Mini przewodnik po Hanoi – stolicy Wietnamu (zdjęcia)
W Wietnamie byłam w styczniu 2019 roku i z zaplanowanych dwóch miast udało mi się zobaczyć tylko część Hanoi. Niestety w Ho Chi Minh (dawnym Sajgonie) na kolejne 5 dni z nóg zwaliła mnie okropna choroba, którą złapałam już w stolicy Wietnamu. Na szczęście pomimo gorączki udało mi się zobaczyć miasto. Oto mój mini przewodnik po Hanoi, który niniejszym przekazuję w Wasze ręce.
Spis treści
O tym jak samemu zorganizować sobie wyjazd do Wietnamu oraz co koniecznie ze sobą zabrać, przeczytacie w tym wpisie.
Old Quarter
To nazwa najstarszej miejskiej dzielnicy Hanoi. Historycznie mieszczącej się między murami Cytadeli a następnie rozszerzonej na 36 wąskich ulic. To tutaj, do dzisiaj, przy malowniczych wąskich domach krzątają rzemieślnicy, mali wytwórcy, sprzedawcy różnych wyrobów oraz mieszkańcy miasta. To tutaj traficie na tłumy turystów, liczne knajpki i bary czynne do późnych godzin nocnych, niewyobrażalne korki oraz zatrzęsienie skuterów i motorów. Aż trudno uwierzyć jak udaje im się przeciskać tymi wąskimi uliczkami. Old Quarter ulokowana jest na północ od jeziora Hoan Kiem, o którym opowiem Wam w dalszej części przewodnika.

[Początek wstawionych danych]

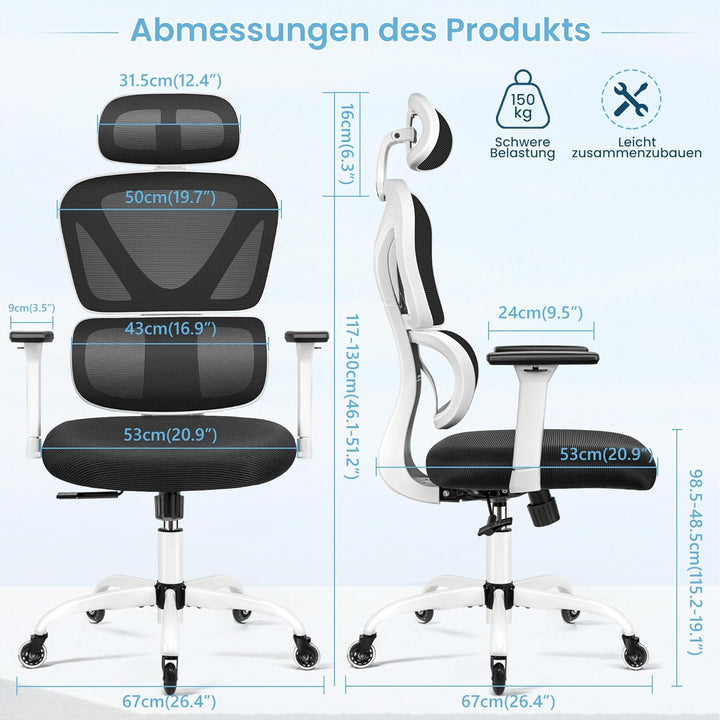 KERDOM Bürostuhl Ergonomischer Schreibtischstuhl,mit Verstellbarer Kopfstütze, Armlehnen, Lendenwirb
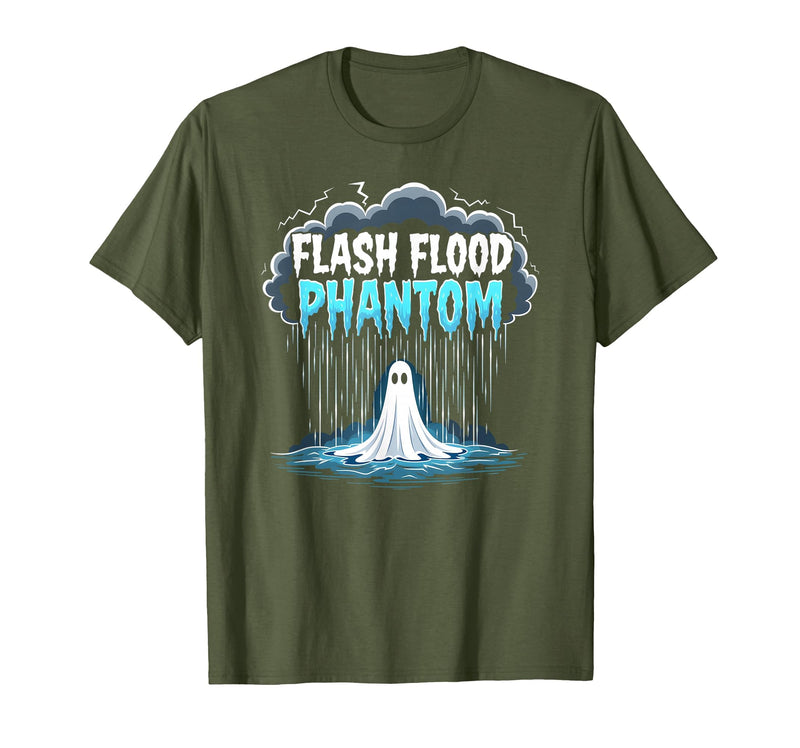 Mademark Halloween Weather Flash Flood Phantom Spooky Storm T-Shirt - Olive Green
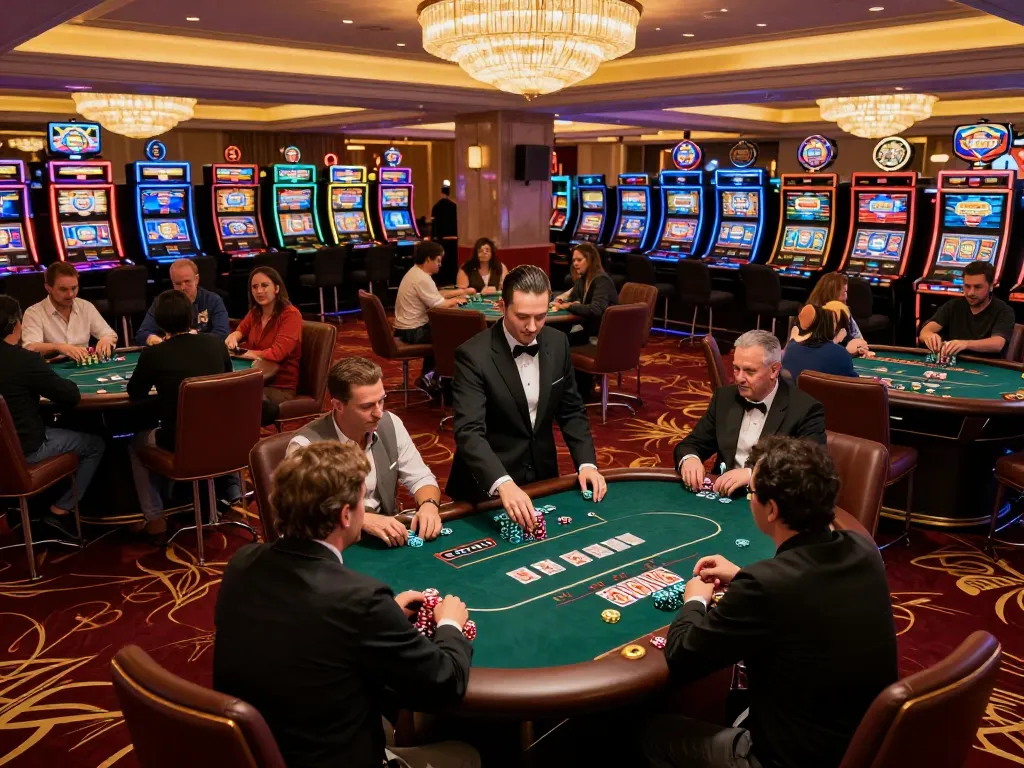 Players engaged in poker at the luxurious F168bet casino, surrounded by excitement and vibrant lighting.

Na spacery po malowniczych uliczkach dzielnicy Old Quarter oraz kolonialnej French District (Dzielnicy Francuskiej) poświęćcie minimum 2 dni.
.
Urocze domy w Old Quarter robią wrażenie nawet w pochmurne, styczniowe dni.
.
Pieszy nie ma tu łatwego życia
Chodniki praktycznie nie istnieją albo są zastawione skuterami. Trudno trafić tutaj na skrzyżowanie ze światłami a nawet jak takie znalazłam to i tak czerwone światło dla pojazdów jest mocno umowne. Zawsze musiałam uważać, czy czasem któryś z kierowców nie wyrwie się i nie przejedzie na moim zielonym. Pieszych obowiązuje zasada – „jak chcesz przejść przez ulicę to rób to pewnie, nie zatrzymuj się a pojazdy Cię ominą„. Kierowcy natomiast z pasją używają klaksonów – wjeżdżając na skrzyżowanie, zjeżdżając z niego. Mijając innych, parkując. Po kilku dniach miałam już dosyć tego hałasu.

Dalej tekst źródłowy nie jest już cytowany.